Alguns observadores referem, a este propósito, que o programa de acção da FLEC (elaborado na altura da junção de todos os movimentos cabindas) era nos aspectos político, económico, social e cultural muito superior aos dos seus congéneres angolanos, MPLA e UPA.
Cabinda, ao contrário do que se passou com Angola, foi «adquirida» por Portugal no fim do Século XIX, em função de três tratados: o de Chinfuma, a 29 de Setembro de 1883, o de Chicamba, a 20 de Dezembro de 1884 e o de Simulambuco, a 1 de Fevereiro de 1885, tendo este anulado e substituído os anteriores.
Recorde-se que estes tratados foram assinados numa altura em que, nem sempre de forma ortodoxa, as potências europeias tentavam consolidar as suas conquistas coloniais. A Acta de Berlim, assinada em 26 de Fevereiro de 1885, consagrou e reconheceu a validade do Tratado de Simulambuco.
No caso de Angola, a ocupação portuguesa remonta a 1482, altura em que Diogo Cão chega ao território.

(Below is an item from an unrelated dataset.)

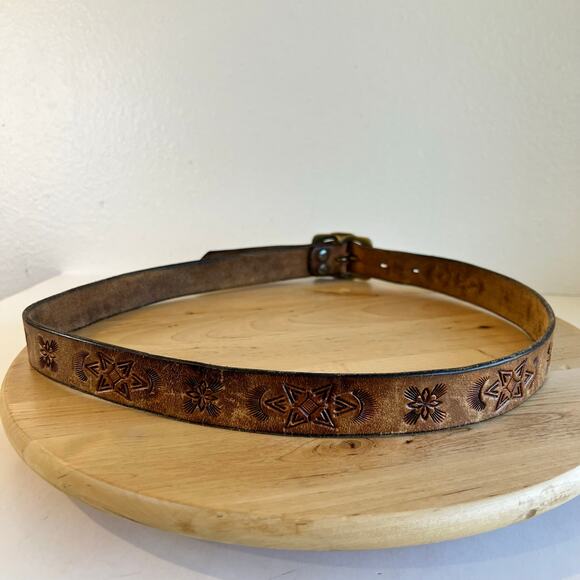 Vintage 90s Handmade Genuine Leather Star Tooled Western Belt Size Large main image 9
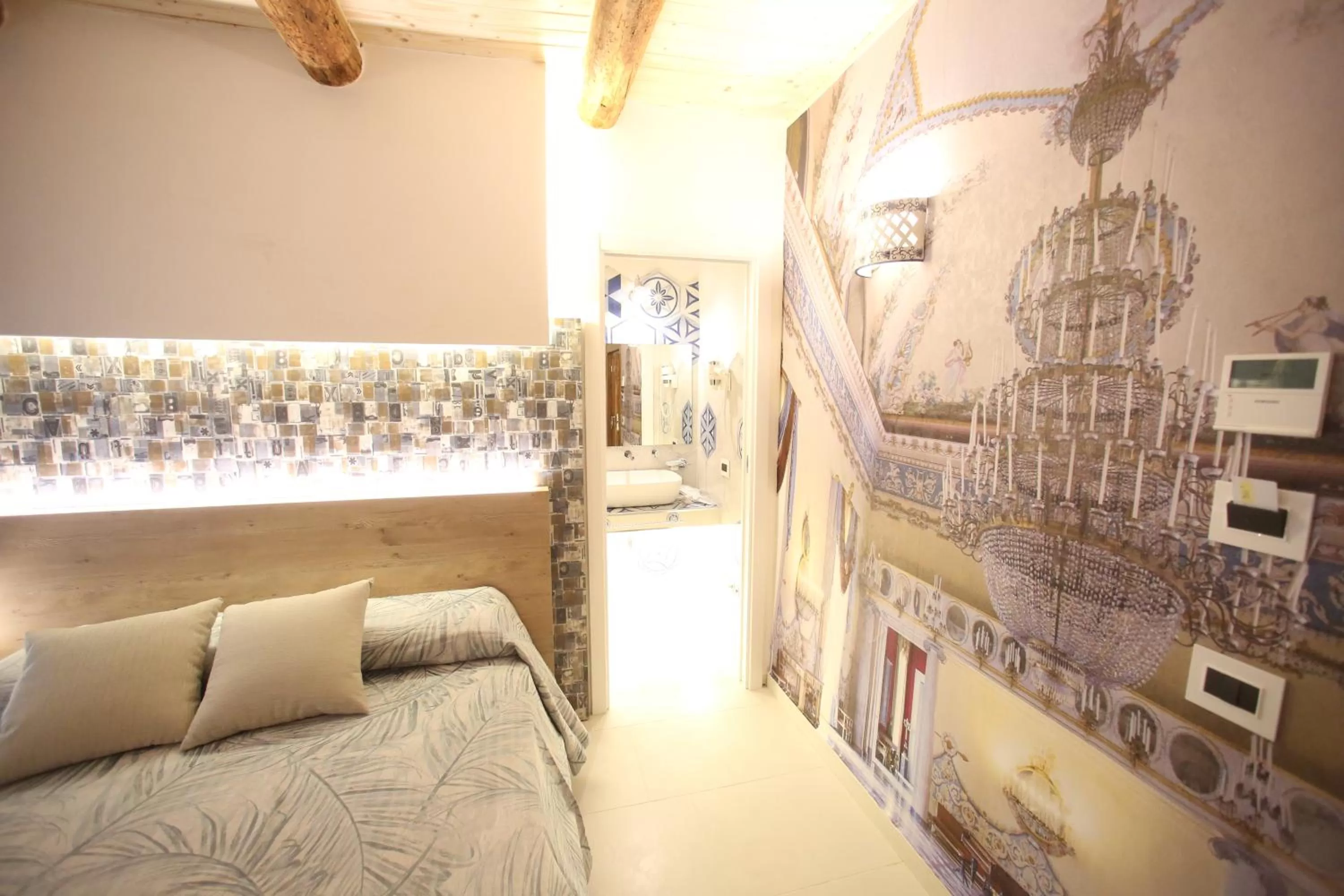 Bed in Relais Piazza Del Plebiscito B&B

E, ao contrário do que se passou em Cabinda, a colonização portuguesa em Angola sempre teve sérias dificuldades e constantes confrontos com as populações, de que são exemplos marcantes, nos séculos XVII e XVIII, a resistência dos Bantos e sobretudo da tribo N' Gola.
É ainda histórico o facto de a instalação dos portugueses em Angola ter sido feita pela força, sem enquadramento jurídico participado pelos indígenas, enquanto a de Cabinda se deu, de facto e de jure, com a celebração dos referidos tratados, subscritos pelas autoridades vigentes na potência colonial e no território a colonizar.

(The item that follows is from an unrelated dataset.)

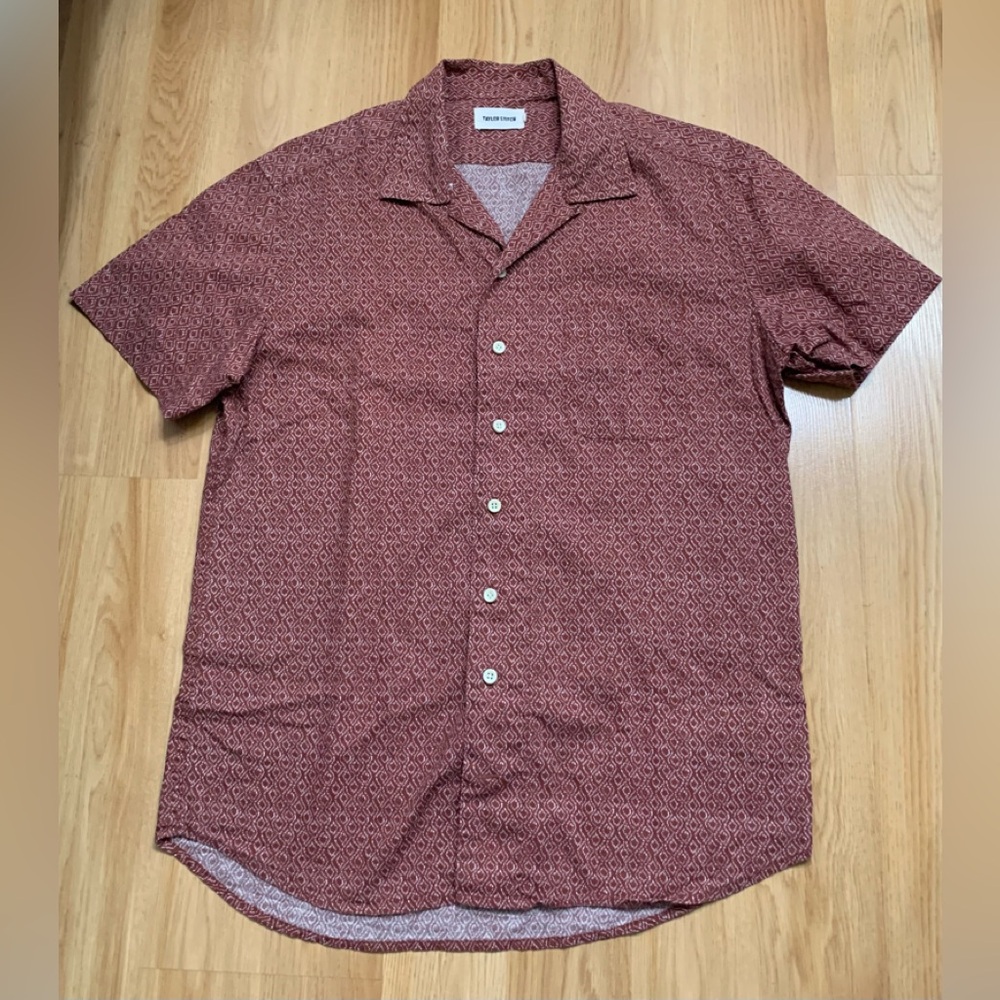 Taylor Stitch Hawthorne Shirt in Burgundy Trellis size 40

Segundo a letra e o espírito do Tratado de Simulambuco, assinado por princípes, governadores e notáveis de Cabinda (e pacificamente aceite pelas populações), o território ficou «sob a protecção da Bandeira Portuguesa». Vinte cruzes e duas assinaturas de cabindas e a do comandante da corveta «Rainha de Portugal», Augusto Guilherme Capelo, selaram o acordo.
Duvida-se que a terminologia jurídica de então, e constante do tratado, tenha sido percebida pelos subscritores cabindas. No entanto, crê-se que a síntese do texto tenha sido entendida, já que se referia apenas à «manutenção da autoridade, integridade territorial e protecção».
No contexto histórico da época, o Tratado de Simulambuco reflecte tanto à luz do Direito Internacional como do interno português, algo semelhante ao dos protectorados franceses da Tunísia e de Marrocos.
Apesar da anexação administrativa, Cabinda sempre foi entendida por Portugal como um assunto e um território distintos de Angola. A própria Constituição Portuguesa, de 1933, cita no nº 2 do Artigo 1 (Garantias Fundamentais), Cabinda de forma específica e distinta de Angola.
Partindo desta realidade constitucional, a ligação administrativa registada em 1956 nunca foi entendida como uma fusão com Angola.